The future of clean energy will not be built only by generating more renewable electricity. It will also depend on how intelligently we store that energy, how responsibly we use natural resources, and how effectively we turn today's industrial by-products into tomorrow's high-value materials.
At NexIB Technologies, we believe that sustainability starts at the material level.
One of the biggest challenges in the battery industry is the supply chain behind battery materials. Many existing battery technologies depend on critical raw materials, complex global supply routes, and energy-intensive processing methods. As global demand for energy storage grows, the question is no longer only: "Can we make better batteries?"
Can we make better batteries from smarter, more sustainable materials?
This is where chemical thermodynamics becomes powerful.
Chemical thermodynamics helps us understand how materials behave under different temperatures, pressures, and reaction conditions. It allows us to predict whether a transformation is possible, how much energy it requires, and how the structure of a material can be controlled during processing.
In simple terms, thermodynamics gives us a scientific roadmap for turning carbon-rich waste or underutilised feedstocks into advanced battery materials.

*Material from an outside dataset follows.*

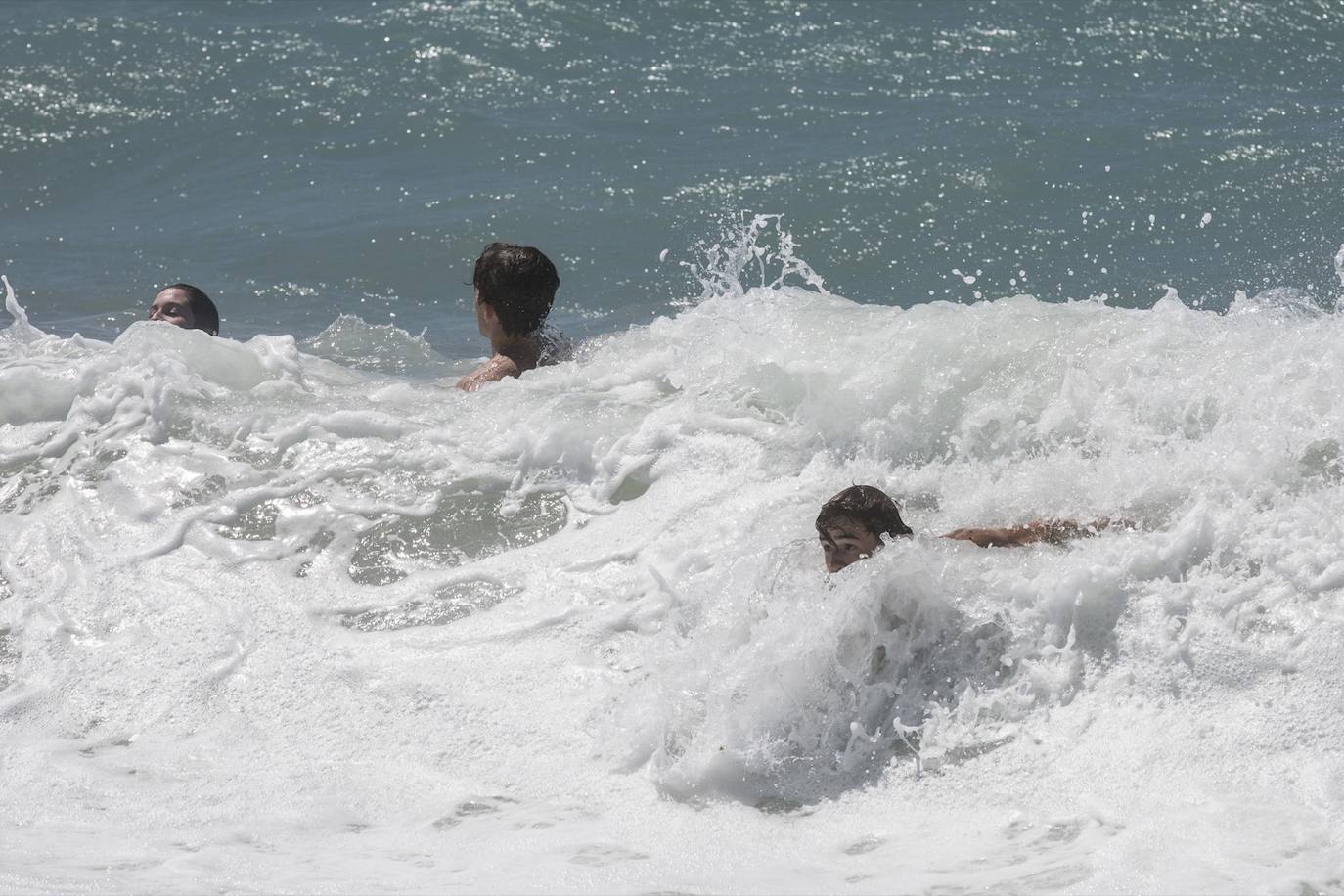 Ambiente en las playas de la Costa Tropical este domingo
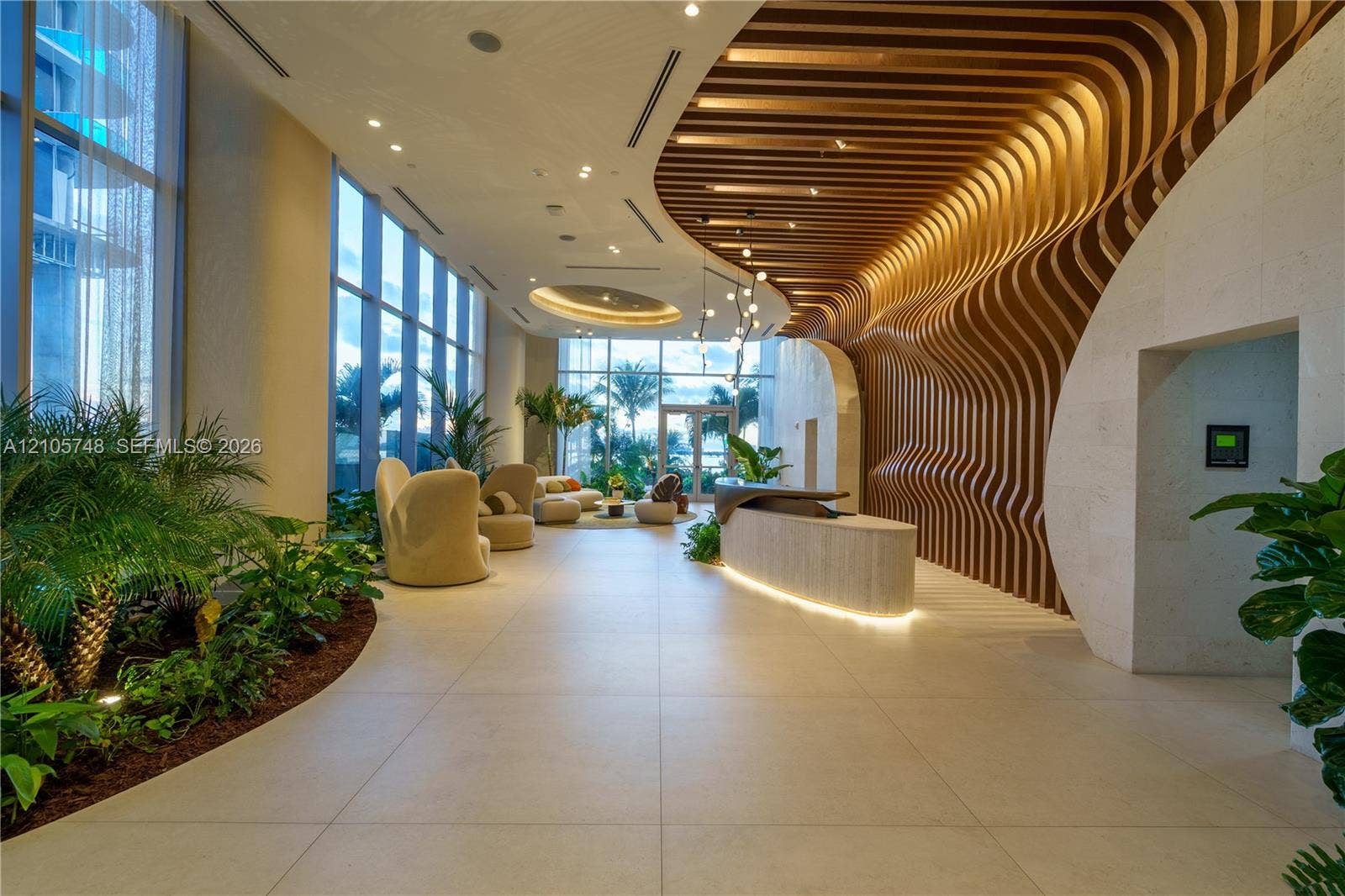 725 NE 24, #5401, Miami, Miami, FL 33137 1st floor lobby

For next-generation sodium-ion batteries, hard carbon is one of the most important anode materials. Unlike lithium-ion batteries, sodium-ion batteries do not rely as heavily on scarce resources such as lithium, cobalt, or nickel. This makes them highly attractive for large-scale energy storage, grid applications, and more affordable battery systems.
However, the success of sodium-ion batteries depends heavily on the quality, consistency, and sustainability of hard carbon materials.
That is the opportunity NexIB is working on.
We are exploring how asphaltene-derived carbon sources can be transformed into engineered hard carbon anode materials. Asphaltenes are carbon-rich components often treated as low-value or problematic by-products in hydrocarbon processing. But with the right scientific approach, they can become a valuable precursor for clean-energy materials.
From waste-like carbon streams to high-performance battery materials.
Through controlled thermal treatment, carbonisation, and material engineering, chemical thermodynamics can help guide the conversion of complex carbon structures into stable, functional hard carbon. By understanding energy changes, phase behaviour, molecular stability, and reaction pathways, we can design better processing routes and reduce unnecessary trial-and-error in material development.
This matters because sustainable innovation is not only about the final product. It is also about the process.
A truly sustainable battery material should aim to:
- Reduce dependence on critical raw materials
- Use available or underutilised feedstocks
- Support lower-emission production routes
- Enable scalable manufacturing
- Deliver reliable electrochemical performance
- Strengthen local and regional supply chains
For the UK and Europe, this is especially important. The clean-energy transition requires not only renewable power, but also resilient battery supply chains. Developing local material innovation can reduce dependency on overseas supply routes and support a stronger domestic battery ecosystem.
Sodium-ion batteries are particularly promising in this context. Sodium is more abundant than lithium, and sodium-ion systems have strong potential for stationary storage, renewable energy balancing, industrial backup power, and cost-sensitive applications.
But the material challenge remains clear: we need better hard carbon.
At NexIB Technologies, our sustainability vision is built around the idea that advanced materials can be created from overlooked resources. By combining chemical thermodynamics, carbon materials science, and battery engineering, we aim to create a new pathway for sodium-ion battery materials.
This is not just a technical challenge. It is a sustainability challenge.
The next generation of batteries must be cleaner, safer, more affordable, and more scalable. To achieve that, we need to rethink the entire value chain, from raw material selection to processing, performance validation, and commercial scale-up.
The future of energy storage will belong to companies that can connect science with sustainability.
At NexIB Technologies, we are working toward that future by transforming carbon-rich feedstocks into advanced hard carbon materials for sodium-ion batteries.
Because clean energy should not only come from the power we generate. It should also come from the materials we choose.